Back to the case. Here the TCO needed to include:
- Purchase price
This is how much we pay to acquire the item.
- Financing cost, if the vehicle is procured using leasing or loan
While this does not affect our immediate cash flow, it does influence the TCO.
- Annual registration and insurance
This is a cost that we have anyhow for any vehicle, so why the trouble? In many countries, the engine type and size determine the cost of insurance and registration. So does the value of the vehicle. So we need to know.
Why this now? Different vehicles have different consumption. What do you think is paying 80,000 USD for a vehicle that consumes 15 litres/100 kilometres better than a 100,000 USD vehicle that consumes 6 litres/100 kilometres? Do the math, you may be surprised.
Different vehicles have different standards when it comes to oil brand and change intervals. A small difference, but let’s be precise.
Again, this is not a huge difference. Some vehicles have quite a strange tire specification, which may result in high prices. Better to check than regret later, isn’t it?
- Service cost, assuming we do it as per the manufacturers’ recommendation, and service is done in the manufacturers’ garage
Some manufacturers charge high. Some have very short service intervals. And some manufacturers will cover a lot of consumables and small spare parts on the warranty. Worth checking out before you make your decision.
- The sales price at the end of the scheduled usage period. This will decrease the TCO
Some vehicles have good resale value even when they are old and have a decent mileage under the hood. Here in the UAE, the Lexus, for example. Back home, it is the Volkswagen Golf. I never understood why, but this is the fact. Try to find ads for a similar model, of the age and mileage you plan to scrap the vehicle. Assume that half of your fleet will not be repairable at the time your usage period is over.
For all vehicles we took the same estimation: we will keep them for 5 years, and they will do annually 50,000 kilometres.
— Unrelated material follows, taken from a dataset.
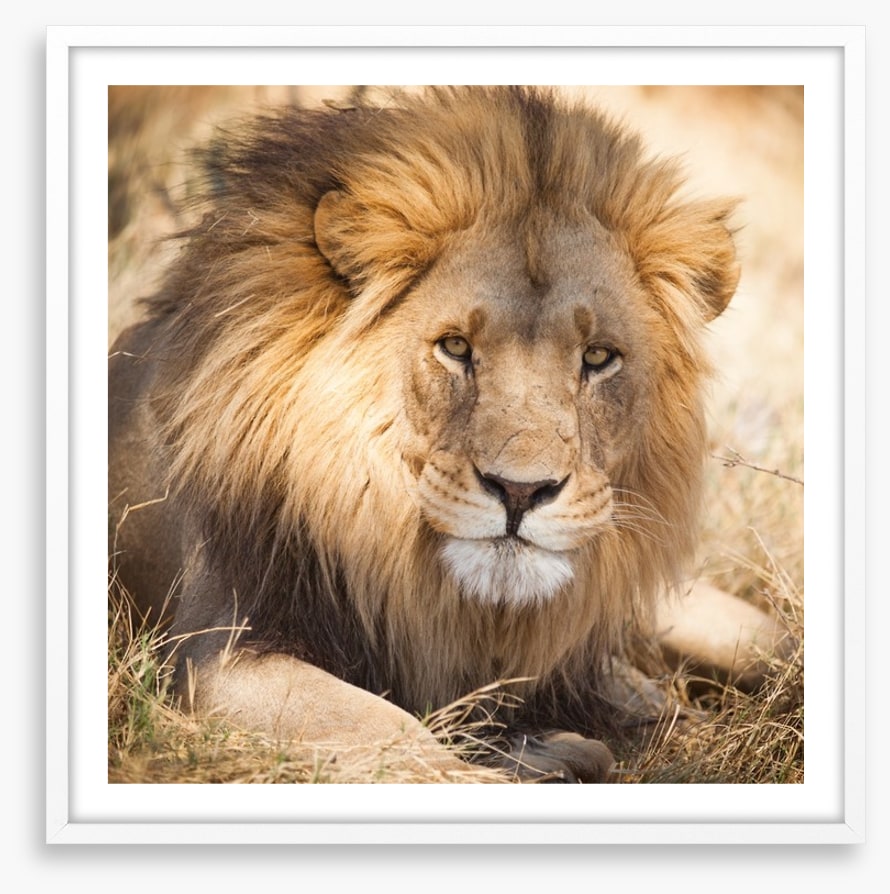 The noble lion, Zambia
Here in the UAE, European vehicles are quite cheap. But maintenance and spare parts are expensive. Plus, the service intervals are shorter, probably as the vehicles are not originally designed for this harsh climate.
You can guess, the cheapest option did not have the lowest TCO.
In hygiene, you can find simpler, but similar examples. It is the game suppliers play with free dispensers and a higher product price. Or a bit less quantity in the pack for a lower price.
You can try this out for your large personal purchases as well. Soon enough, using this way of thinking, you will figure out how you get something for free. And you will start buying what is less expensive in the long run, not what has a lower price tag.